Federal prosecutors on Thursday announced they will seek the death penalty against 20-year-old Dzhokhar Tsarnaev in the Boston Marathon bombings, instantly raising the stakes in what could be one of the most wrenching trials the city has ever seen.

Attorney General Eric Holder's decision to press for Tsarnaev's execution was widely expected. The twin blasts killed three people and wounded more than 260 others; 17 of the 30 federal charges against him — including using a weapon of mass destruction to kill — carry the possibility of the death penalty.

"The nature of the conduct at issue and the resultant harm compel this decision," Holder said in a statement.

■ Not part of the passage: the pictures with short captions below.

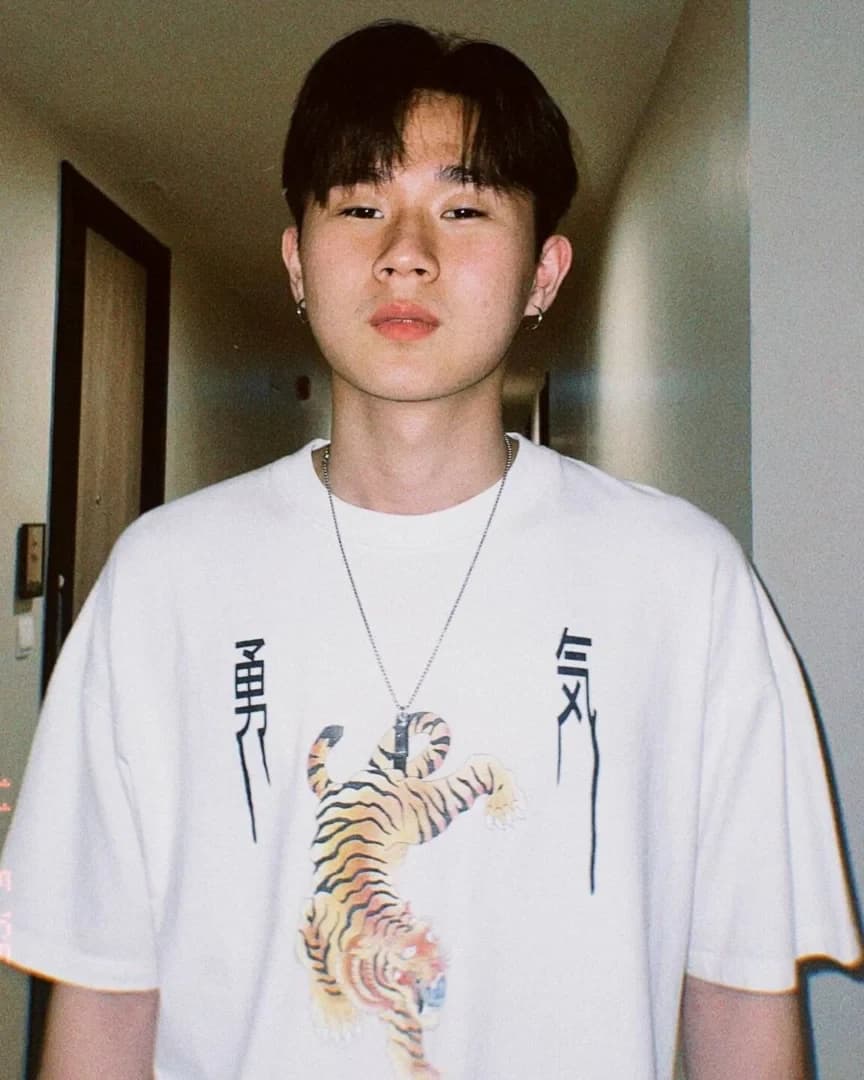 ยิ้ว วาริ อติอานนท์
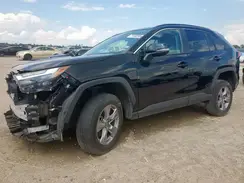 2T3W1RFVXNW192061 2022 TOYOTA RAV 4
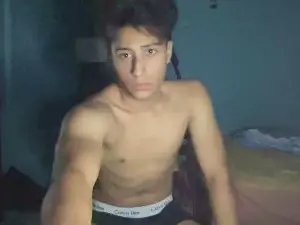 Cam4 Best Webcam of theleanjoeyy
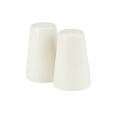 PEPPER POT 8CM/3Inch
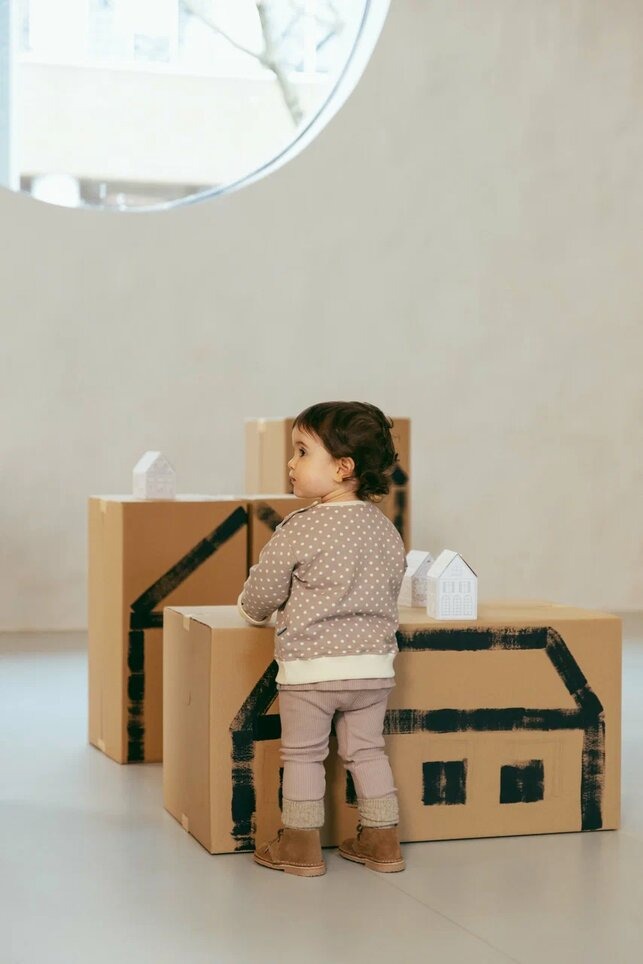 Изображение товара 4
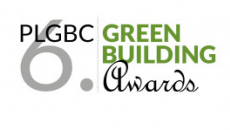 PLGBC Green Building Awards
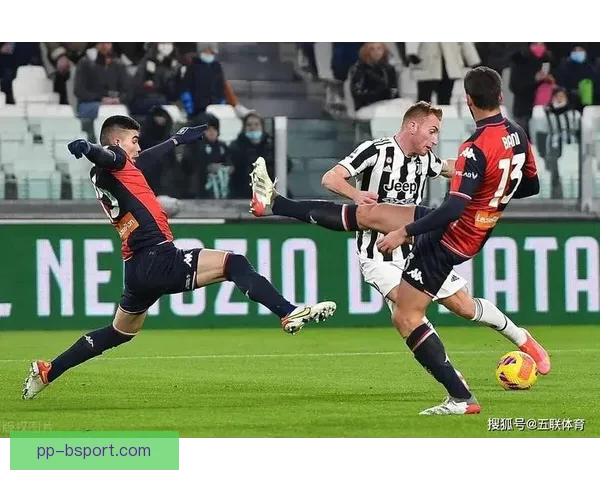 尤文图斯因财务违规被扣10分无缘欧冠，历史性打击令球队前景堪忧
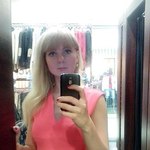 ������������� ������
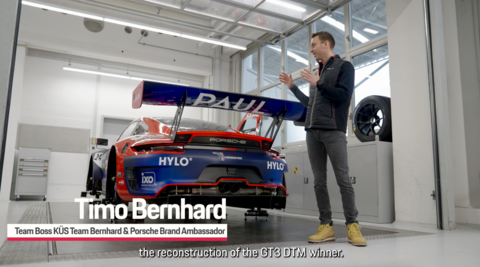 Demontage rekonstruktion Porsche 911 Gt3 R.png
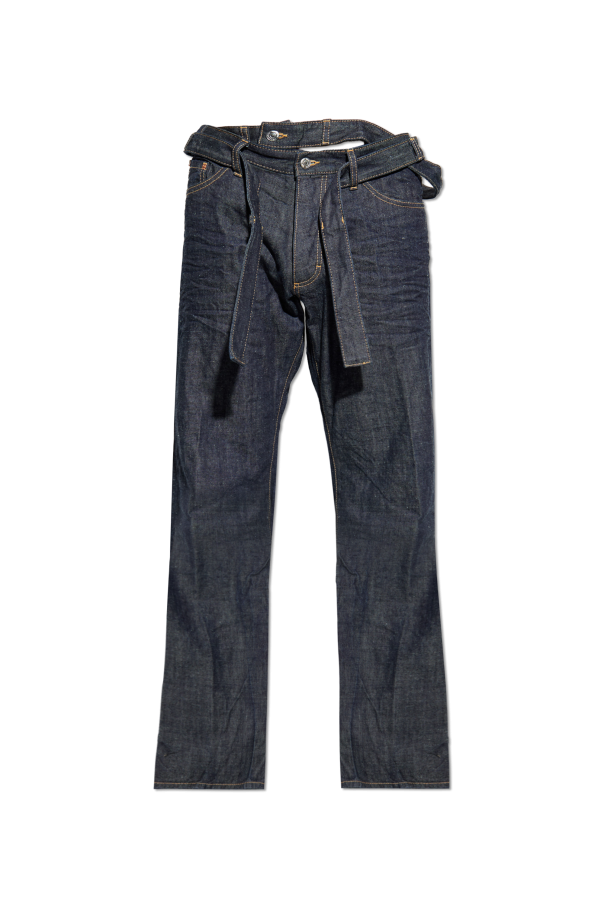 Dsquared2 X MAGLIANO od Dsquared2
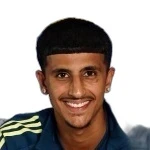 Reiss Khela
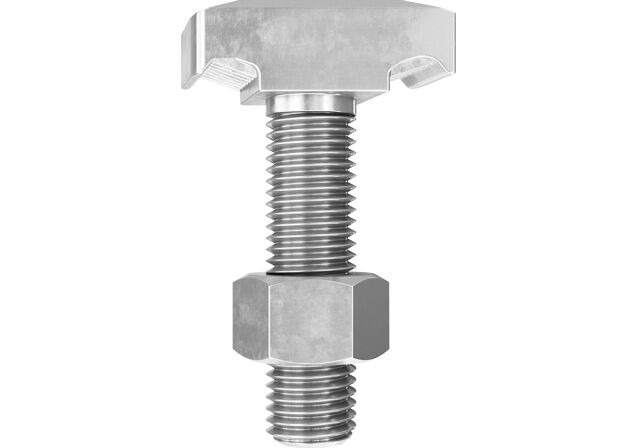 Product Category Picture: "Channel bolt InnoLock FBC-S-225"
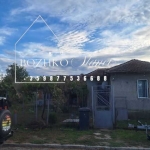 Къща в Долни чифлик - 60 кв.м за 1050 €/кв.м - Снимка #1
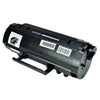 Dell 593-BBYP, S2830 compatible black toner printer cartridge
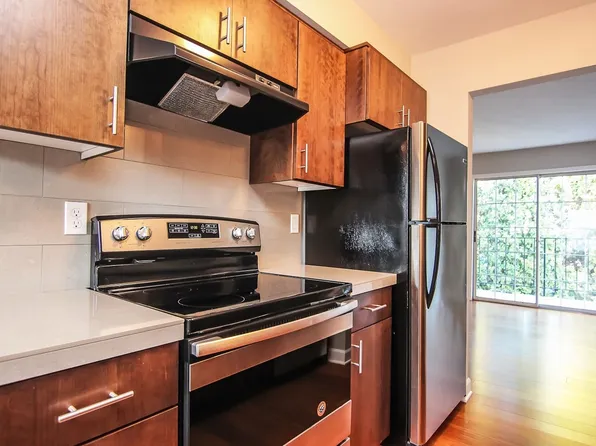 Division 50, 2821 SE 50th Ave APT 6, Portland, OR 97206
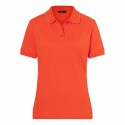 Polo JAMES & NICHOLSON JN071 Donna LADIES CLASSIC POLO 100%C Manica corta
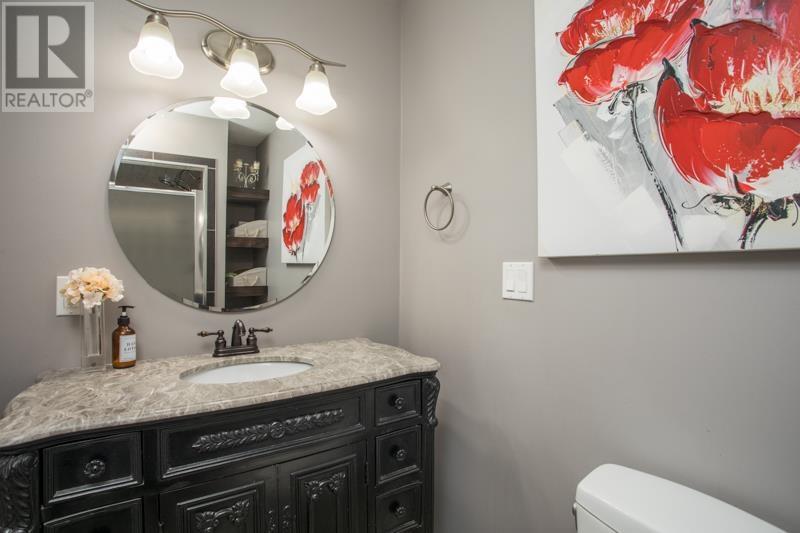 22702 Kendrick Place, Maple Ridge, British Columbia  V2X 9R1 - Photo 13 - R2866879
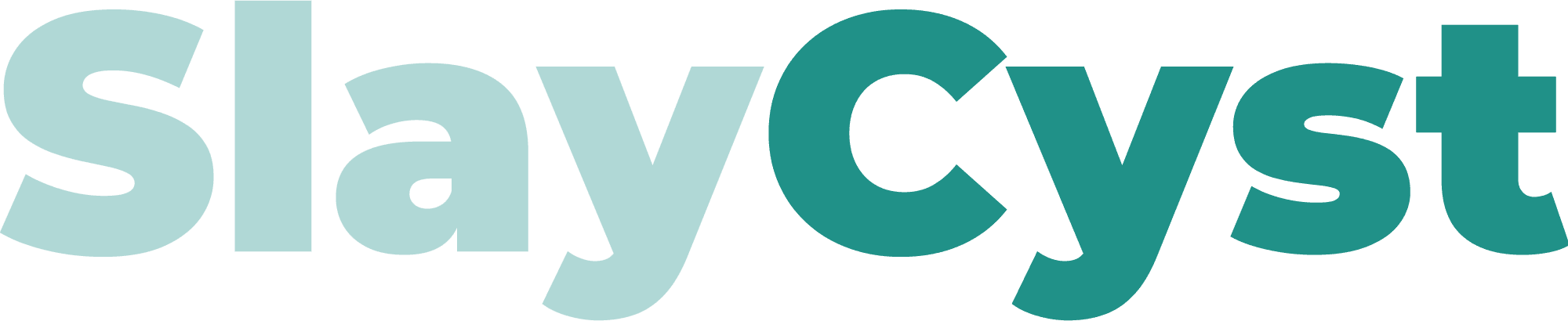 slaycyst.com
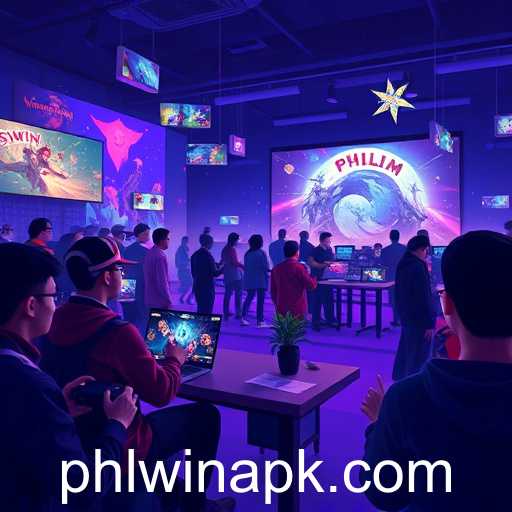 phlwin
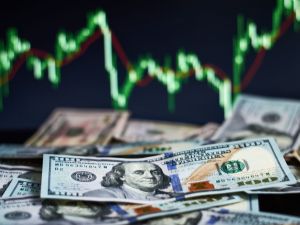 US Dollar slips further in Asia, Europe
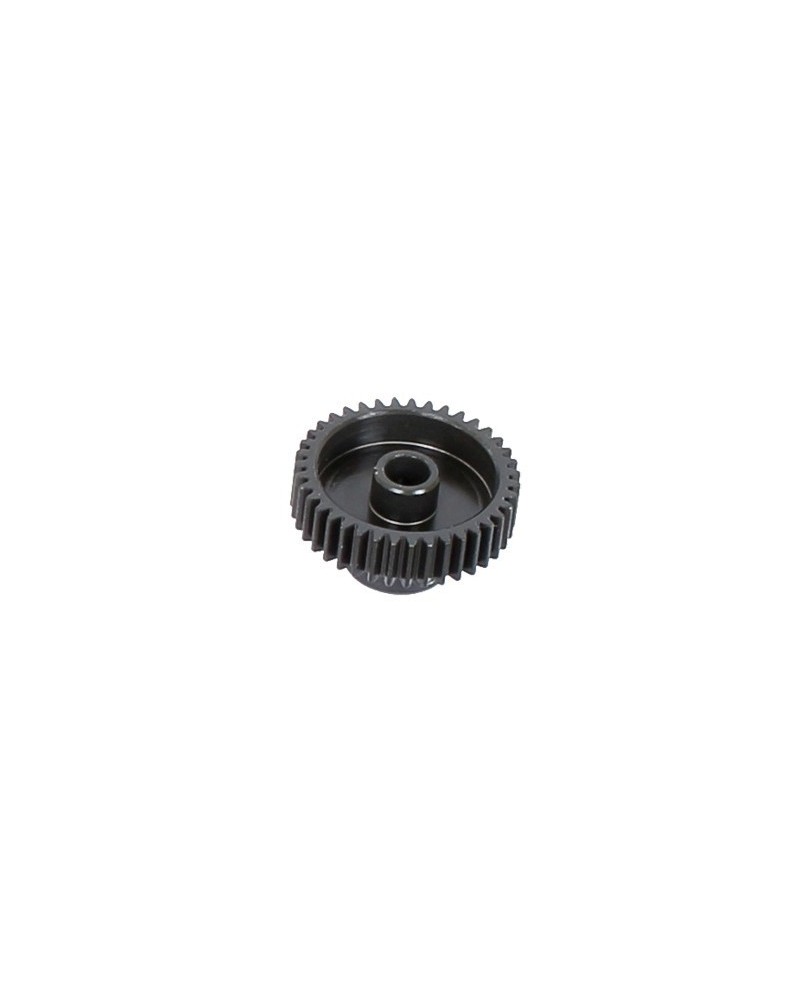 PiÃ±on P64 39T Ultra Series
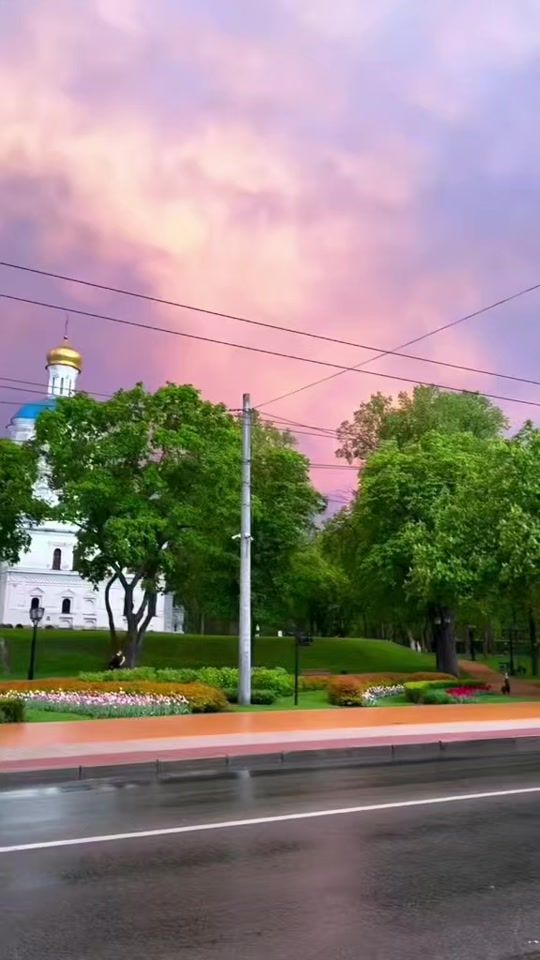 TikTok video thumbnail by workhard_chernihiv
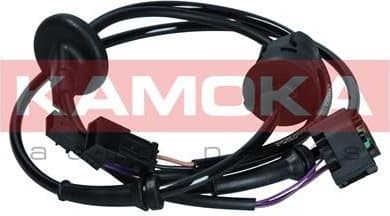 ABS wheel sensor 1060491 - image 6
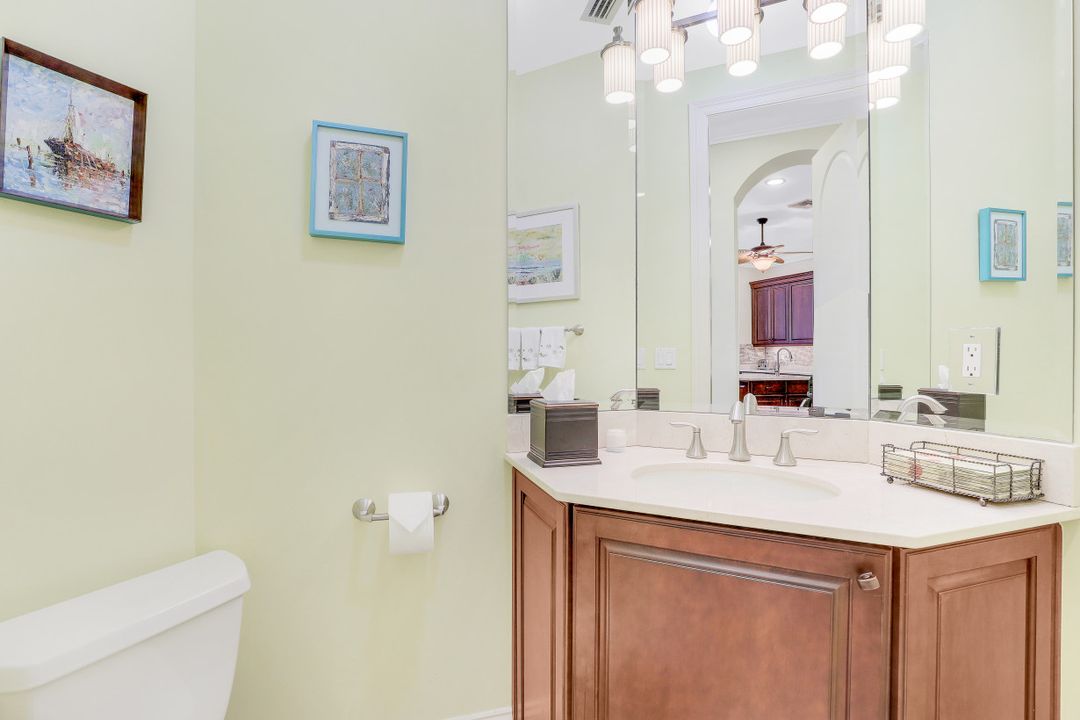 27592 River Reach Dr, Bonita Springs, FL 34134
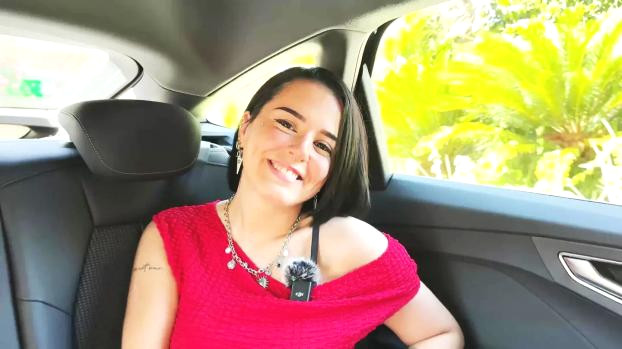 Rose Gets Double the Birthday Fun with Two Studs on Her Special Day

Tsarnaev has pleaded not guilty. A trial date has not been set.

Prosecutors allege that Tsarnaev, then 19, and his 26-year-old brother, ethnic Chechens from Russia who had lived in the Boston area for about a decade, built and planted two pressure-cooker bombs near the finish line of the marathon last April to retaliate against the U.S. for its military actions in Muslim countries. The brother, Tamerlan Tsarnaev, died in a shootout with police during a getaway attempt days after the bombings.

Dzhokhar Tsarnaev was wounded but escaped on foot and was later found hiding in a boat parked in a yard in a Boston suburb. Authorities have said he wrote about his motivation for the bombing on the inside of the boat.

"The US Government is killing our innocent civilians," "I can't stand to see such evil go unpunished," and "We Muslims are one body, you hurt one you hurt us all," he allegedly wrote.

The bombings stunned the nation during one of Boston's most celebrated events as runners crossed the finish line and friends, families and spectators were gathered to cheer them on.

Killed in the bombings were Martin Richard, 8, of Boston; Krystle Campbell, 29, of Medford; and Lu Lingzi, 23, a Boston University graduate student from Shenyang, China. At least 16 others lost limbs.

Tsarnaev is also charged in the slaying of an MIT police officer and the carjacking of a motorist during the brothers' getaway attempt.

The case has attracted a high-profile defense team, including Judy Clarke, a San Diego attorney who has negotiated plea agreements with prosecutors to spare previous clients the death penalty, among them Unabomber Ted Kaczynski and Olympic Park bomber Eric Rudolph.

The Tsarnaev brothers had roots in the turbulent Russian regions of Dagestan and Chechnya, areas that have become recruiting grounds for Islamist extremists. The indictment alleges that the brothers downloaded bomb-making instructions from an Al-Qaeda magazine and gathered material online about Islamic jihad and martyrdom.

Massachusetts abolished its state death penalty in 1984, and repeated efforts to reinstate it have failed. Tsarnaev is the third person in the state to be charged under the federal death penalty.

Since the federal death penalty was reinstated in 1988, 70 death penalty sentences have been imposed under it, but only three people have been executed, including Oklahoma City bomber Timothy McVeigh in 2001. Eight people have been taken off death row by a judicial or executive action, while 59 people remain on death row, according to the Death Penalty Information Center.

The last federal execution was in 2003, when Louis Jones Jr. was put to death for the kidnapping and murder of 19-year-old Army Pvt. Tracie McBride.